3. Hukuk Dairesi 2017/3079 E. , 2017/7359 K.
"İçtihat Metni"MAHKEMESİ :SULH HUKUK MAHKEMESİ
Taraflar arasındaki ihtiyaç nedeniyle tahliye davasının mahkemece yapılan yargılaması sonucunda, davanın hüküm kurulmasına yer olmadığına yönelik olarak verilen hükmün, süresi içinde davacı vekili tarafından temyiz edilmesi üzerine; temyiz dilekçesinin kabulüne karar verildikten sonra, dosya içerisindeki kağıtlar okunup gereği düşünüldü:
Y A R G I T A Y K A R A R I
Davacı vekili dava dilekçesinde; davacının, dava konusu taşınmazı kendisi, eşi ve çocuklarının konut ihtiyacı sebebiyle 11/09/2014 tarihinde satın alındığını, taşınmazın daha önceki malikleri ile davalı kiracı arasında 01/02/2014 başlangıç tarihli 1 yıl süreli aylık kira bedeli 2.150,00 TL olan kira sözleşmesinin imzalandığını, davacının taşınmazı satın aldıktan sonra yasal bir aylık süre içerisinde 29/09/2014 tarihinde Kartal 4. Noterliğinin 31530 yevmiye nolu ihtarnamesi ile davalı kiracıya taşınmazın konut ihtiyacı sebebiyle kullanılacağı ve 01/02/2015 tarihinde sona erecek kira sözleşmesinin yenilenmeyeceğinin ihtar edildiğini, belirterek dava konusu taşınmazdan davalı kiracının ihtiyaç nedeniyle tahliyesine karar verilmesini talep etmiştir.
Davalı; davacı tarafından açılan tahliye talepli davanın 6 aylık süre beklenmeden açıldığını, davacının ihtiyaç iddiasının samimi olmadığını, davacının taşınmazı yatırım amaçlı olarak aldığını, asıl amacının taşınmazdan tahliyeyi sağlamak suretiyle taşınmazı yeni kiracılara yüksek bedelle kiralamak olduğunu, davacının eşi ve çocuklarına ait çok sayıda taşınmazı bulunduğunu, davacının taşınmazı ilan vererek satışa çıkardığını ayrıca 17/11/2015 tarihinde taşınmazı tahliye ettiğini belirterek davanın reddini savunmuştur.

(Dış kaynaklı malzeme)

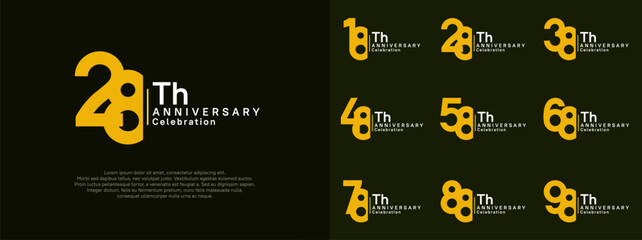 anniversary vector design set yellow and white color for celebration day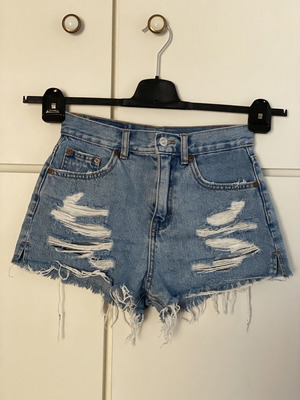 Pull & Bear ripped high waisted blue denim shorts
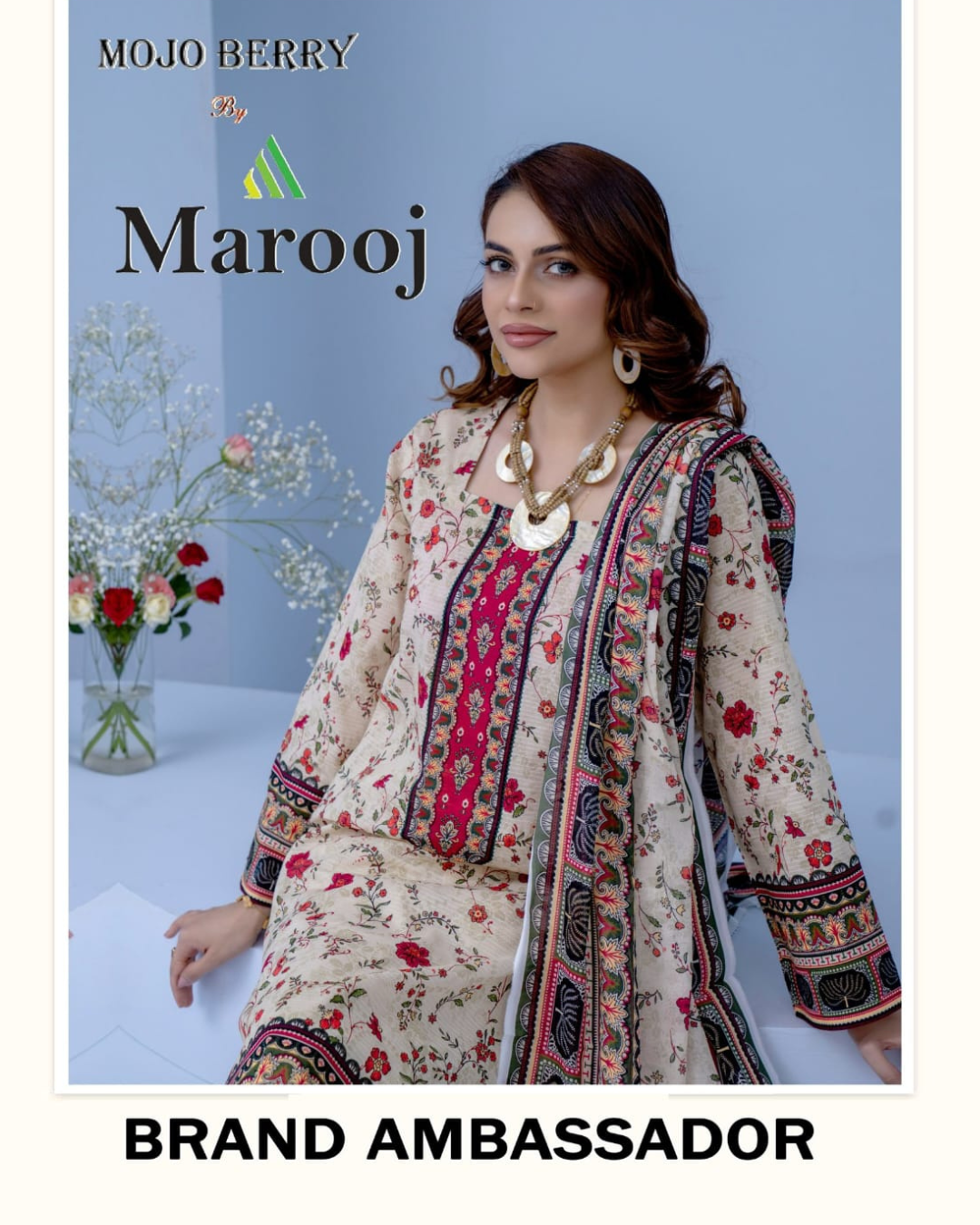 3 Piece - Mojoberry Unstitched Cream Ladies Banadora Print Lawn Suit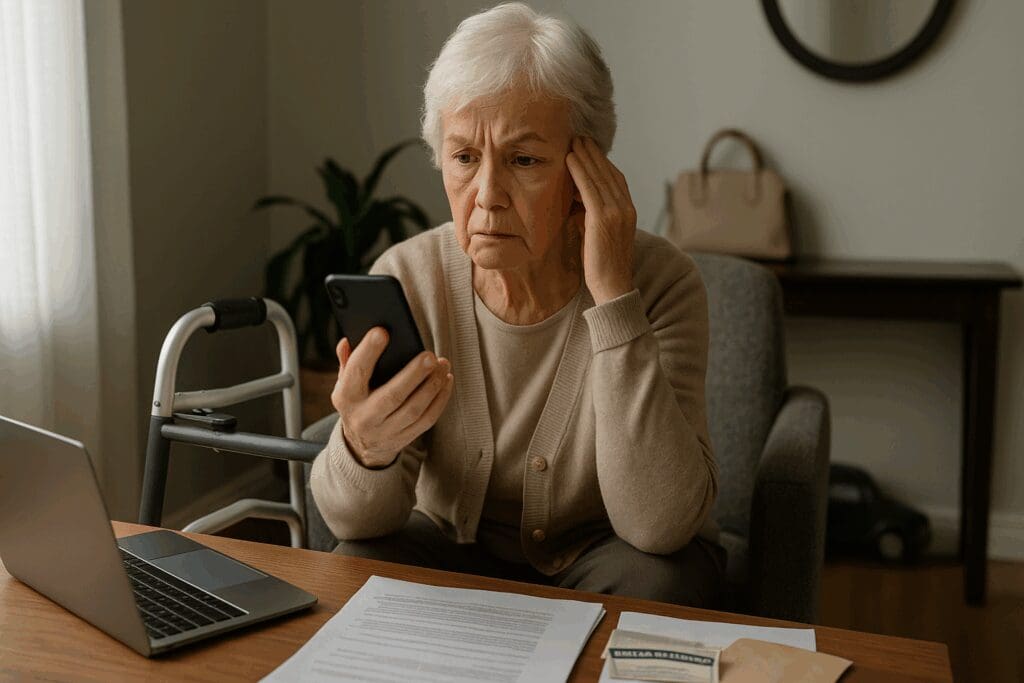 Senior woman with a walker looking at her phone, uncertain, symbolizing challenges finding mental health providers near me.

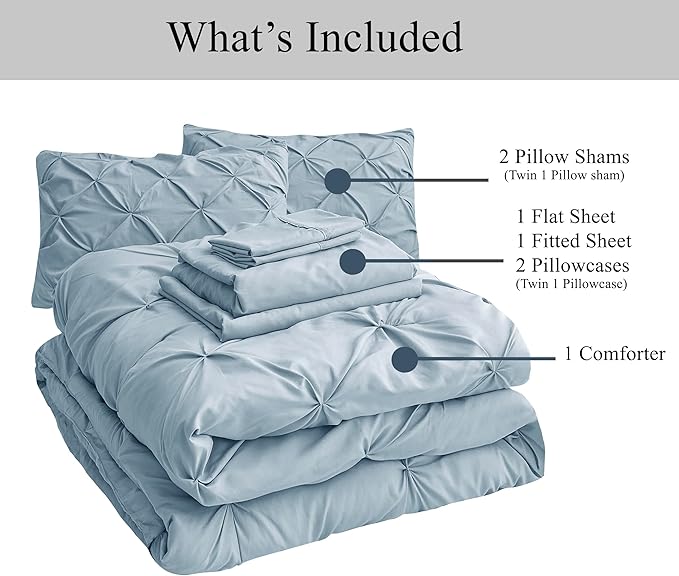 LANE LINEN Queen Bed Comforter Set 7 Piece - Microfiber All-Season Queen Size Bedding Comforter Set - Deep Pocket Fitted Sheets, Pillowcases & Shams - Soft Touch Extra Puffy Cozy Bedding - French Blue | Cozy sleep feel, Secure sheet fit, Breathable sof...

Mahkemece taşınmaz tahliye edildiğinden davanın konusuz kalması nedeniyle esas hakkında hüküm kurulmasına yer olmadığına, yargılama giderlerinin davacı üzerinde bırakılmasına karar verilmiş, hüküm davacı tarafından temyiz edilmiştir.
Konut ya da çatılı işyeri niteliğindeki bir taşınmazı iktisap eden kimse dilerse eski malik ile kiracı arasında yapılmış sözleşmeye dayanarak sözleşmenin sonunda bir ay içinde, dilerse TBK.’nun 351.maddesi uyarınca edinme günü de dahil olmak üzere edinme tarihinden başlayarak bir ay içinde durumu kiracıya yazılı olarak bildirmek koşuluyla edinme tarihinden itibaren altı ay sonra ihtiyaç nedeniyle tahliye davası açabilir. Davanın altı ayın sonunda hemen açılması şart olmayıp sözleşme sonuna kadar açılması mümkündür. Ancak edinmeyi
izleyen bir ay içerisinde bildirimin tebliği zorunlu olup bunun sonradan giderilmesi mümkün değildir. Açılacak davada tahliyeye karar verilebilmesi için ihtiyacın varlığının kanıtlanması gerekir.
HMK"nun 331/1 maddesi gereğince; davanın konusuz kalması sebebiyle davanın esası hakkında bir karar verilmesine gerek bulunmayan hâllerde, hâkim, davanın açıldığı tarihteki tarafların haklılık durumuna göre yargılama giderlerini takdir ve hükmeder.
Olayımıza gelince; Davacı dava dilekçesinde 11/09/2014 tarihinde kiralananı satın aldığından söz etmiş, iktisabı bildirir 29/09/2014 düzenleme tarihli ihtarname 01/10/2014 tarihinde tebliğ edilmiştir. Davalı, davacının taşınmazı yatırım amaçlı olarak satın aldığını ve satın aldıktan sonra yeniden satışa çıkararak ilan verdiğini, ihtiyaç iddiasının gerçek ve samimi olmadığını savunmuştur. Bu durumda mahkemece dava konusu taşınmazın yeni malik davacı tarafından satışa çıkarılıp çıkarılmadığı araştırılıp tarafların tüm delilleri toplandıktan sonra davacının dava açmaktaki haklılık durumu dikkate alınarak yargılama giderleri ve vekalet ücreti konusunda hüküm kurulması gerekirken gerekli araştırma yapılmadan eksik inceleme ile yazılı şekilde karar verilmesi doğru değildir.
Hüküm bu nedenlerle bozulmalıdır.
SONUÇ:Yukarıda açıklanan nedenlerle temyiz itirazlarının kabulü ile 6100 sayılı ...ya 6217 Sayılı Kanunla eklenen geçici 3.madde hükmü gözetilerek HUMK.nın 428.maddesi uyarınca hükmün BOZULMASINA, istek halinde peşin alınan temyiz harcının temyiz edene iadesine, 6100 sayılı HMK"nun geçici madde 3 atfıyla 1086 sayılı HUMK.nun 440.maddesi gereğince kararın tebliğinden itibaren 15 günlük süre içerisinde karar düzeltme yolu açık olmak üzere, 17/05/2017 tarihinde oybirliğiyle karar verildi.